Les Ruines ou Méditations sur les Révolutions des Empires
L'ouvrage fondamental de Volnay pour ce sujet est *Les Ruines ou Méditations sur les révolutions des empires*, publié en 1791, en pleine Révolution. Augmenté plus tard de l'annexe *La Loi Naturelle ou Catéchisme du Citoyen Français* (1793), il formait un bréviaire idéologique de la Révolution, méditant sur les causes des ruines des anciens états et proposant une morale fondée en raison.
Le dispositif du livre est celui d'une fantasmagorie : un génie enlève le narrateur en voyage en Syrie, où il contemple les ruines de Palmyre. Cette contemplation initiale met en branle la réflexion sur les vicissitudes de l'histoire, joignant la perte des œuvres à la perte des peuples et de leurs civilisations, comme Ninive ou Babylone.
En comparant l'activité et la richesse de l'Europe moderne (Seine, Tamise) à la désolation observée en Asie, le narrateur craint que nos propres contrées ne subissent un jour le même abandon. Cette réflexion sur la soumission à la loi générale de la remise en cause touche le bronze comme la chair, mais elle est tempérée par l'idée que la révolution n'est pas un retour au début du cycle.
La Révolution représente une tentative de repartir sur des bases nouvelles pour éviter les erreurs du passé. Ainsi, l'œuvre perdue devient la prémisse d'une nouvelle création, plus durable, et la ruine agit comme un appel à la régénération, non seulement individuelle mais aussi sociale, pour mettre fin au cycle délétère de la gloire et de la ruine.
Questions
Common questions and answers from the video to help you understand the content better.
Comment la destruction du Temple de Jérusalem a-t-elle influencé la théologie juive selon l'exposé ?
La destruction du Temple de Jérusalem en 70 de notre ère a provoqué le développement d'une théologie de l'absence, une théologie du retrait de Dieu, et l'idée de la contraction de l'infini, connue sous le nom de *Tzimtzum* dans la Kabbale.
Quelle est la distinction fondamentale entre l'Âge d'Or et l'Âge d'Airain selon Hésiode, telle qu'analysée dans la vidéo ?

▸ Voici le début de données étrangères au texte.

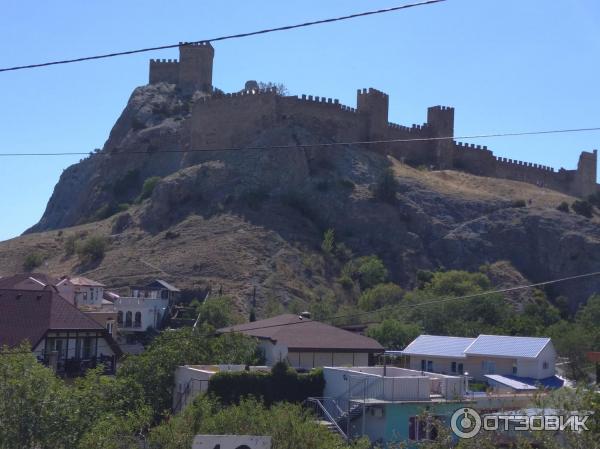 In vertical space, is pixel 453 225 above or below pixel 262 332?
above

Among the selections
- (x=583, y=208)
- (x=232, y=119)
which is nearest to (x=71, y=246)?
(x=232, y=119)

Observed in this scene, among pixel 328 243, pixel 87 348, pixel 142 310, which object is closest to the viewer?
pixel 87 348

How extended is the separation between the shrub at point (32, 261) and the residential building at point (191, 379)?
44.6 m

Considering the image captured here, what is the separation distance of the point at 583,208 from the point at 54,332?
62.5 meters

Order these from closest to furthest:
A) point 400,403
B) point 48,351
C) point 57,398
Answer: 1. point 57,398
2. point 400,403
3. point 48,351

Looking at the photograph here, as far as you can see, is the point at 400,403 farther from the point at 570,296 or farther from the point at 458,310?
the point at 570,296

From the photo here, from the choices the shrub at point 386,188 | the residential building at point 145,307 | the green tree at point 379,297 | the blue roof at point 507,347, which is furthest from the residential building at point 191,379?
the shrub at point 386,188

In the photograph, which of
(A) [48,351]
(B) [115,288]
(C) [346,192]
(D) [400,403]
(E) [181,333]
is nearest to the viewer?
(D) [400,403]

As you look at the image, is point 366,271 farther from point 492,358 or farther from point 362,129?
point 492,358

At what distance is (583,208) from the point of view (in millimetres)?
83562

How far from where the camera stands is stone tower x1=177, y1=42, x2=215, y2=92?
98.0m

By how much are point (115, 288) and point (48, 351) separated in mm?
32201

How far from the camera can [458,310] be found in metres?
54.7

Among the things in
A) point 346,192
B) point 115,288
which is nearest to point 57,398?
point 115,288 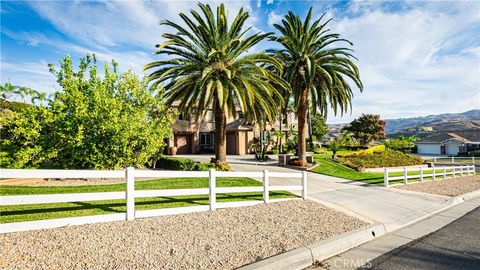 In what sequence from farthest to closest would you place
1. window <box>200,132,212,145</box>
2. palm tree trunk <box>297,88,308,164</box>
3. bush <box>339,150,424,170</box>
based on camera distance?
window <box>200,132,212,145</box> → bush <box>339,150,424,170</box> → palm tree trunk <box>297,88,308,164</box>

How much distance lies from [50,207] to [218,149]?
10626mm

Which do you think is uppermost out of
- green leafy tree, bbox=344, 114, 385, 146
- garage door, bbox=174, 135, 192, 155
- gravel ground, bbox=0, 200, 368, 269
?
green leafy tree, bbox=344, 114, 385, 146

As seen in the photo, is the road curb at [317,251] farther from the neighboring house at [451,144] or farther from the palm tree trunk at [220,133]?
the neighboring house at [451,144]

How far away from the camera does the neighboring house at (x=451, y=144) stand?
58553 millimetres

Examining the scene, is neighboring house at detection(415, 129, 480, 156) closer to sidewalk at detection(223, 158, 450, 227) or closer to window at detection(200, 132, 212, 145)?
window at detection(200, 132, 212, 145)

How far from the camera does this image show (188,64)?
1590 cm

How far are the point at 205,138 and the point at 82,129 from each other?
72.6 feet

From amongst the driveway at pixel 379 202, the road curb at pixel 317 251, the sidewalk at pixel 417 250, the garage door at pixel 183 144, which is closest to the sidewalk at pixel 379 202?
the driveway at pixel 379 202

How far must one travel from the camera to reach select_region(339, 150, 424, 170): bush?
2129cm

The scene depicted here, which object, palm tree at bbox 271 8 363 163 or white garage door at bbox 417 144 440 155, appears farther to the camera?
white garage door at bbox 417 144 440 155

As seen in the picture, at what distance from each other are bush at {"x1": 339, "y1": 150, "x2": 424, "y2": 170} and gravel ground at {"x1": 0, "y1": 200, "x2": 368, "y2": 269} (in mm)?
15470

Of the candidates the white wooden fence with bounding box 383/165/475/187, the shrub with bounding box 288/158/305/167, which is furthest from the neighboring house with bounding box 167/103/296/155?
the white wooden fence with bounding box 383/165/475/187

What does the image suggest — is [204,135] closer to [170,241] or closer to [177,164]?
[177,164]

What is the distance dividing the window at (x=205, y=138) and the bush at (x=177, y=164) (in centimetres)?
1396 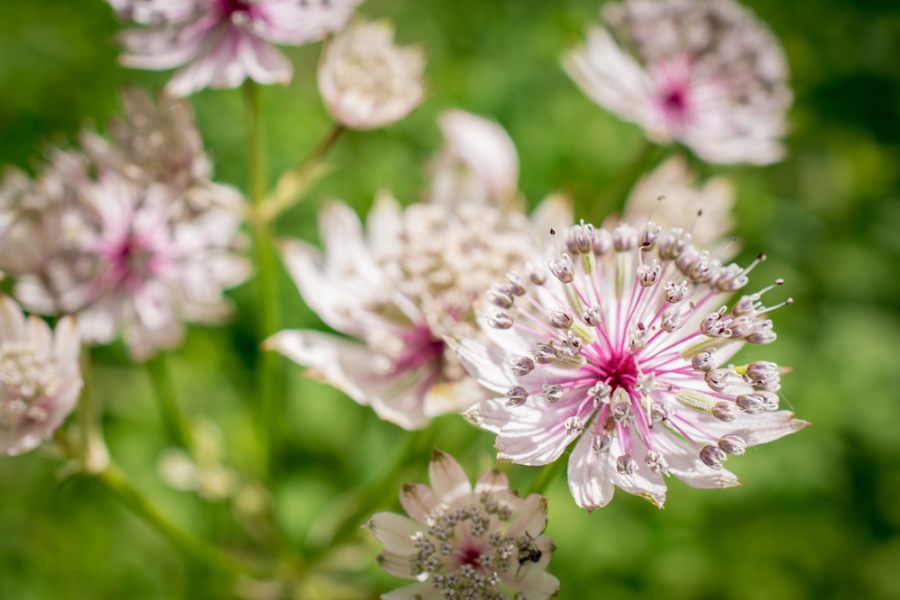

L'Âge d'Or était caractérisé par une production spontanée et l'absence de travail ou de douleur, relevant du communisme. L'Âge d'Airain, en revanche, est l'âge des œuvres manufacturées, des armes, de la propriété privée, du désir et de la violence mimétique.
Quel rôle Diderot attribue-t-il à la solitude et au silence dans la contemplation des ruines peintes par Hubert Robert ?
Diderot explique que l'effet des compositions de ruines est de laisser le spectateur dans une douce mélancolie ; le silence et la solitude qui règnent autour des débris ancrent le spectateur dans son propre isolement et lui permettent d'anticiper les ravages du temps sur ses propres habitations.
Pourquoi la date de naissance d'un auteur dans les années 50 d'un siècle peut-elle nuire à sa reconnaissance historique ?
Un auteur né dans les années 50 voit sa carrière littéraire ou artistique se partager entre deux siècles. Les historiographes de chaque siècle ne considèrent qu'une moitié de son œuvre, la jugeant moins intéressante que celle des contemporains dont l'œuvre entière tombe dans le champ de vision d'un seul siècle.
Quelle est la thèse principale de Volnay concernant l'origine des religions dans son ouvrage *Les Ruines* ?
La thèse de Volnay, développée après la contemplation des ruines de Palmyre, est que toutes les religions proviennent en fait d'observations astronomiques qui ont été sacralisées et mythifiées sous forme de cultes.